_About this exercise_
Write out precisely the lines beginning with the line that contains "Azalea Charlie - Ladybird Nursery" and ending with the last line of the entries, and no other lines.

Short text fragments from websites
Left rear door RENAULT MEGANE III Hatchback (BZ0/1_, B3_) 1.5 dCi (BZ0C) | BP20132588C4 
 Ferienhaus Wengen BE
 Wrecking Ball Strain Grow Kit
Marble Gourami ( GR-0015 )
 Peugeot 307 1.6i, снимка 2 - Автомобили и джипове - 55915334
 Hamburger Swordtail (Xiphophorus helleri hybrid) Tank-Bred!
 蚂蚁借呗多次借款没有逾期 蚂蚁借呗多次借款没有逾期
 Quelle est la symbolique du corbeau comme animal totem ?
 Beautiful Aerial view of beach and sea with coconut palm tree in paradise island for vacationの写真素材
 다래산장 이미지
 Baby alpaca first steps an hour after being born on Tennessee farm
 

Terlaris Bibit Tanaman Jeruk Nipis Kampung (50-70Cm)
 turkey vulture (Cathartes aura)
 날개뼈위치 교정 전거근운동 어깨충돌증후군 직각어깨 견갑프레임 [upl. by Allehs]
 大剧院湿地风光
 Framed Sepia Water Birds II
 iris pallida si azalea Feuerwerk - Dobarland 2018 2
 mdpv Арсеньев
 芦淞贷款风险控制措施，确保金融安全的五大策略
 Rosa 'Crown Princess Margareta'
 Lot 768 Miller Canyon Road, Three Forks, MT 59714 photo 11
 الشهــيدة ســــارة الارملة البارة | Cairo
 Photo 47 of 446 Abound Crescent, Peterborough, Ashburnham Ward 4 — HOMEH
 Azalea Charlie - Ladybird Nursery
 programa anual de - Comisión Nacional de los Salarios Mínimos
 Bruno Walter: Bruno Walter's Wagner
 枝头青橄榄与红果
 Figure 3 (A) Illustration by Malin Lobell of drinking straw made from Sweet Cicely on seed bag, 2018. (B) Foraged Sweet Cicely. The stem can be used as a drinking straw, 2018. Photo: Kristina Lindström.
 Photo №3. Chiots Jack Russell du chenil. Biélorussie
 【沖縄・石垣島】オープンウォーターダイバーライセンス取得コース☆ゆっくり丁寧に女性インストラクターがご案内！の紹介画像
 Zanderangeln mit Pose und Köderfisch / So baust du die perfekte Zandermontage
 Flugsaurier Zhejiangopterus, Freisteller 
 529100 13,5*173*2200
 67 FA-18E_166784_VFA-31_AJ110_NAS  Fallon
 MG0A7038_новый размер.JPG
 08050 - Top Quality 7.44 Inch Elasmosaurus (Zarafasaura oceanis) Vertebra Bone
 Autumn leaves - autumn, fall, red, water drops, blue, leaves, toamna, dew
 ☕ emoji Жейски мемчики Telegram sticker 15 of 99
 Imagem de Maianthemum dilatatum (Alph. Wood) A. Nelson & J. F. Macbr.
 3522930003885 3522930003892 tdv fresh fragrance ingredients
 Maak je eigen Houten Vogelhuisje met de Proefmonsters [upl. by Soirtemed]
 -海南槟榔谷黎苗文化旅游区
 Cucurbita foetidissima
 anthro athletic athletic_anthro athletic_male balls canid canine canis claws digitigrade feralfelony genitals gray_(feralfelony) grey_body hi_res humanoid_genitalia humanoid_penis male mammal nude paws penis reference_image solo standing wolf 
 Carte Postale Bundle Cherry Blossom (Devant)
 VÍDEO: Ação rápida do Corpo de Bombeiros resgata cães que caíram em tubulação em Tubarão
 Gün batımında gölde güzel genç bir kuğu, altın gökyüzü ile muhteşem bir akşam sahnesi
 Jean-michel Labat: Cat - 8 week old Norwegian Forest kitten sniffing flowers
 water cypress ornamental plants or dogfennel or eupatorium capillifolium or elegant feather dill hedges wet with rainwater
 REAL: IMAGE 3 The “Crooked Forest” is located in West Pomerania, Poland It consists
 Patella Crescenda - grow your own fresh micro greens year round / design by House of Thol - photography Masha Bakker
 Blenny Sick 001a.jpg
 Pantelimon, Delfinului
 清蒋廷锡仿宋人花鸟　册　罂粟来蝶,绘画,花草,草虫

_Answer section_
 Azalea Charlie - Ladybird Nursery
 programa anual de - Comisión Nacional de los Salarios Mínimos
 Bruno Walter: Bruno Walter's Wagner
 枝头青橄榄与红果
 Figure 3 (A) Illustration by Malin Lobell of drinking straw made from Sweet Cicely on seed bag, 2018. (B) Foraged Sweet Cicely. The stem can be used as a drinking straw, 2018. Photo: Kristina Lindström.
 Photo №3. Chiots Jack Russell du chenil. Biélorussie
 【沖縄・石垣島】オープンウォーターダイバーライセンス取得コース☆ゆっくり丁寧に女性インストラクターがご案内！の紹介画像
 Zanderangeln mit Pose und Köderfisch / So baust du die perfekte Zandermontage
 Flugsaurier Zhejiangopterus, Freisteller 
 529100 13,5*173*2200
 67 FA-18E_166784_VFA-31_AJ110_NAS  Fallon
 MG0A7038_новый размер.JPG
 08050 - Top Quality 7.44 Inch Elasmosaurus (Zarafasaura oceanis) Vertebra Bone
 Autumn leaves - autumn, fall, red, water drops, blue, leaves, toamna, dew
 ☕ emoji Жейски мемчики Telegram sticker 15 of 99
 Imagem de Maianthemum dilatatum (Alph. Wood) A. Nelson & J. F. Macbr.
 3522930003885 3522930003892 tdv fresh fragrance ingredients
 Maak je eigen Houten Vogelhuisje met de Proefmonsters [upl. by Soirtemed]
 -海南槟榔谷黎苗文化旅游区
 Cucurbita foetidissima
 anthro athletic athletic_anthro athletic_male balls canid canine canis claws digitigrade feralfelony genitals gray_(feralfelony) grey_body hi_res humanoid_genitalia humanoid_penis male mammal nude paws penis reference_image solo standing wolf 
 Carte Postale Bundle Cherry Blossom (Devant)
 VÍDEO: Ação rápida do Corpo de Bombeiros resgata cães que caíram em tubulação em Tubarão
 Gün batımında gölde güzel genç bir kuğu, altın gökyüzü ile muhteşem bir akşam sahnesi
 Jean-michel Labat: Cat - 8 week old Norwegian Forest kitten sniffing flowers
 water cypress ornamental plants or dogfennel or eupatorium capillifolium or elegant feather dill hedges wet with rainwater
 REAL: IMAGE 3 The “Crooked Forest” is located in West Pomerania, Poland It consists
 Patella Crescenda - grow your own fresh micro greens year round / design by House of Thol - photography Masha Bakker
 Blenny Sick 001a.jpg
 Pantelimon, Delfinului
 清蒋廷锡仿宋人花鸟　册　罂粟来蝶,绘画,花草,草虫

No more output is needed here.